Ohhhh I like these new prospects! You have quite a variety to choose from. The first QH looks very stocky and solid while the second QH is more refined and slim. So, depending on what you're going for, either one would probably be nice. And all the WB's progeny look to be very balanced and athletic (and pretty Bays too!) 

Of course, the stud's temperament is going to probably be a big factor in your decision. Just by looking at the photos, they all (including the Arab above) seem very friendly and alert...except for maybe the WB...he looks kind of "blah" or un-unique in the personality department. Who knows, I can't tell that from a photo!! =)


----------



## morgan735 (Nov 16, 2007)

Jazzy rider, all you've done is critique everyones critiques.
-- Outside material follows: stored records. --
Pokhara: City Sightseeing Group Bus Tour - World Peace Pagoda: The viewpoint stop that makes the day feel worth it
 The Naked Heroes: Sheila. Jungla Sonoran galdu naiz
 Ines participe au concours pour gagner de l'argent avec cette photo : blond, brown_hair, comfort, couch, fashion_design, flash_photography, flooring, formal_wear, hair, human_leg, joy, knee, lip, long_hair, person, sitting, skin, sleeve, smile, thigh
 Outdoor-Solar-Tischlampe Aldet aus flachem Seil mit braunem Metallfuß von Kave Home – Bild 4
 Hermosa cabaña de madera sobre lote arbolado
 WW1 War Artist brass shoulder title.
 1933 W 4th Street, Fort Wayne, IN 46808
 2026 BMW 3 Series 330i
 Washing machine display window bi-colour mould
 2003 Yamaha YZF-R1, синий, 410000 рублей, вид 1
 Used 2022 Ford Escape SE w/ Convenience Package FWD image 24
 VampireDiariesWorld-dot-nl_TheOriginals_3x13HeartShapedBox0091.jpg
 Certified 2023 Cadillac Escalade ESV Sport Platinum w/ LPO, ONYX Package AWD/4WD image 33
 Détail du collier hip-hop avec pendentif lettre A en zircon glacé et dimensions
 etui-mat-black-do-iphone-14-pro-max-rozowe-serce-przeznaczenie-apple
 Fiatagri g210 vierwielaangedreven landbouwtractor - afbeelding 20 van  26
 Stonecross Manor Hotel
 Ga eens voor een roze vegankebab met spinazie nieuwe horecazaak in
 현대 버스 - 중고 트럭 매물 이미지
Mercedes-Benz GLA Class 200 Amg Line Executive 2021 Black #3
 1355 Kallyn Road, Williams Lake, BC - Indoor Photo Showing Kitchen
You'd only be happy if we said your "A brilliant horse breeder...that stallion is amazing." Personally I think all of these cross bred horses are the reason there are so many unwanted horses and the huge problem with horse slaughter. I'm sure you will disagree with that and say "If I wanted to talked about horse slaughter I would have started a thread about that."


----------



## jazzyrider (Sep 16, 2007)

morgan735 said:


> Jazzy rider, all you've done is critique everyones critiques. You'd only be happy if we said your "A brilliant horse breeder...that stallion is amazing." Personally I think all of these cross bred horses are the reason there are so many unwanted horses and the huge problem with horse slaughter. I'm sure you will disagree with that and say "If I wanted to talked about horse slaughter I would have started a thread about that."


i really dont feel the need to respond as i feel this is getting a little out of hand but at the same time, i shouldnt be expected to sit here and put up with such stuff that is all off topic anyways.

i havent critiqued, ive responded. if i thought the stallion was perfect and i wasnt going to listen, i wouldnt have taken the advice and bumped him way down my list. 

your opinion is your opinion and cross bred horses are starting to become more popular as the benefits are realised. as ive said, this foal will be my forever horse so if i choose to cross then so be it. in my country, slaughtering horses isnt anything like it is in other places. nothing like the scale on which you see it happening in places like the u.s. even if this foal was sold at some point, which it wont be, but if it was, it would only go to the best of homes and not a slaughter yard.

and no, i wouldnt be happy if you said "your a brilliant horse breeder" cause that is not what its all about. cant a person simply state something without it being contrived as me saying "look at me look at me, im so good". which by the way, i dont think nor ever will. i am not a full time breeder like others out there i was simply saying that there are SOME things i dont need to be told. the reason i said the thing about starting another thread is that all i asked was peoples opinions on him. everybody else found it in them to give their opinion and not start off on a tangent about this, that and the other.


----------